I admit I’m grateful for not having had to write about all that has gone on in the last year—well the last four years—actually. Conversely, I’m angry at myself for not having written about it. There has been so much to say and I haven’t said it. In hindsight, I believe that was a mistake. Communicating truth is always important and necessary, especially in the atmosphere for which we have been living. I didn’t do my part. I regret that.

Personally, I was opposed to electing Trump in the first place. I never bought the notion that we needed a businessman in the Oval Office. First of all, there is a huge difference between business and government. Business is a profit motive endeavor while government is not. It is a representative management of the people’s business and any money involved belongs to and originates from the public. Decisions being made are supposed to be for the good of the public.

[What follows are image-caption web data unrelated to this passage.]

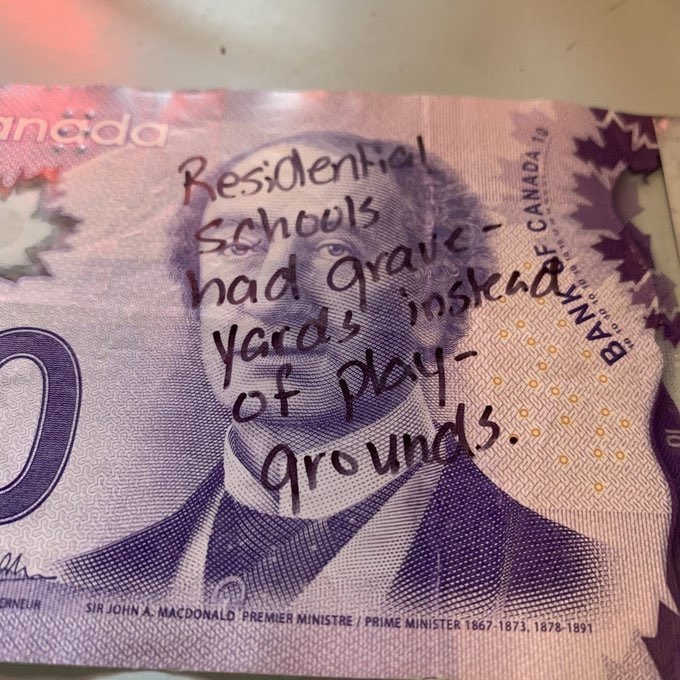 Canadas $10 bill has a picture of John A Macdonald and some register their protest to his legacy by defacing it. Image courtesy Bryson Syliboy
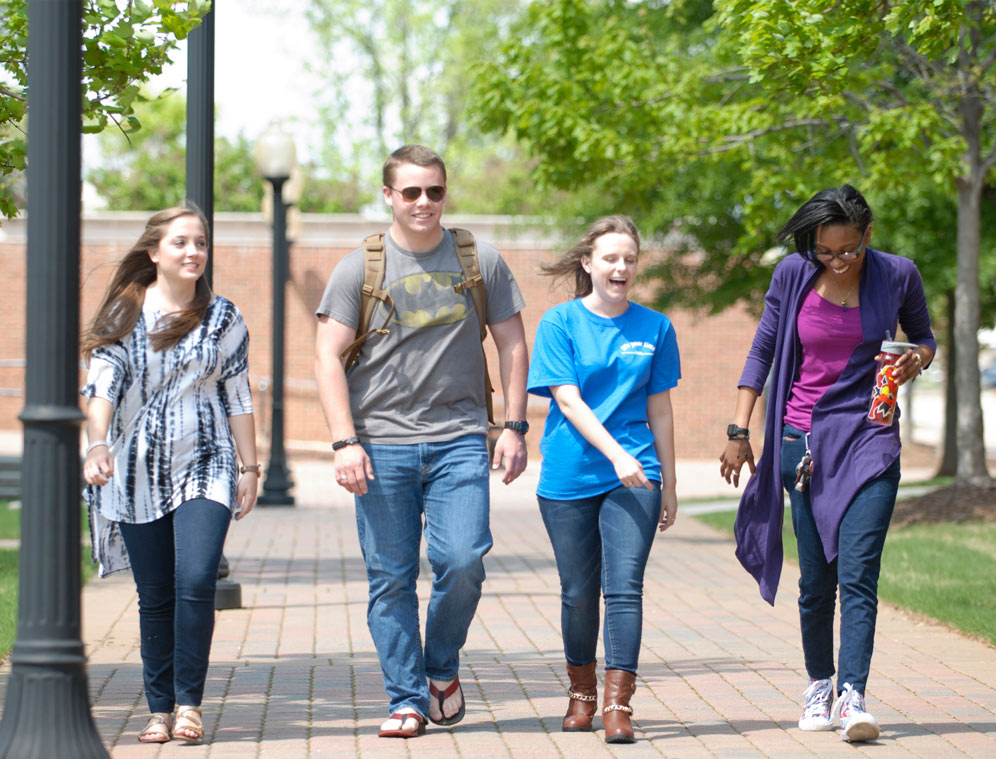 Group of Calhoun ambassadors walking on a sidewalk conversing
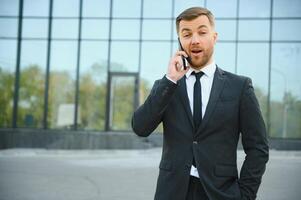 Businessman using smartphone in covered walkway. photo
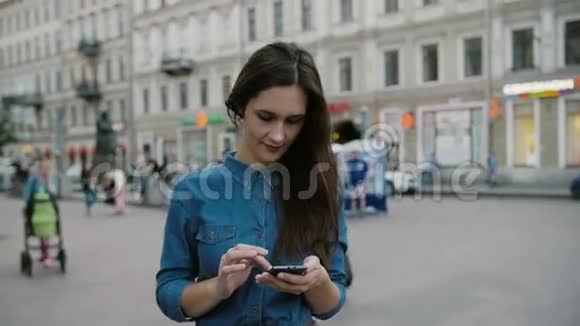 使用智能手机漂亮的年轻女人在一条繁忙的街道上愉快地打电话慢莫稳定射击视频的预览图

That would apply to any business person, but especially this one, whose business prowess was suspect from the start. Never, did I have any use for this self-aggrandizing man/child. His lack of character was evident to me way back when he first appeared in the public eye decades ago. Clearly, he was not anyone I would have ever guessed would end up in the highest office in the land. When he did, I believe he bungled every decision he ever made, because his motive was clearly laser-focused on himself and his own interests. He exploited the office for himself at the expense of millions of Americans.

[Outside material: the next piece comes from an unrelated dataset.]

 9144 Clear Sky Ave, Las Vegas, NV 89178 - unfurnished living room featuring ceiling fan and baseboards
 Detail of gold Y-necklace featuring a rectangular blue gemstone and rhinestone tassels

His sole interest in the public was the small number he could prey upon, the vulnerable he could con. He co-opted the Evangelical right which was already filled with “believers” anxious to follow anyone, real or imaginary, that they could call their leader.

Trump’s final act, the one that finally crossed the line, actually began shortly after he claimed the office of the Presidency, to gin up support for himself at everyone else’s expense. His typical practice merely escalated to the point of the insurrection at the U.S. Capitol that resulted in five dead and many more injured. The potential, which was noticed all too clearly by lawmakers, could have been far worse.

Trump began his ‘rallies’ shortly after he took office as a means of his own public verbal masturbation and ended up engaging millions who were happy to please him. His aim was to discredit anyone who disagreed with him, including political opponents and reporters who asked questions he deemed unfavorable.

I could go on and on about why Trump’s holding the office of the Presidency was annoying to me personally and dangerous to this country, but suffice it to say that I am just grateful he has been stripped of the power of the office and any ‘leadership’ status. The country is better off for it.

Now, I await the Covid-19 vaccine. Won’t it be nice to know that breathing someone else’s air will not kill us?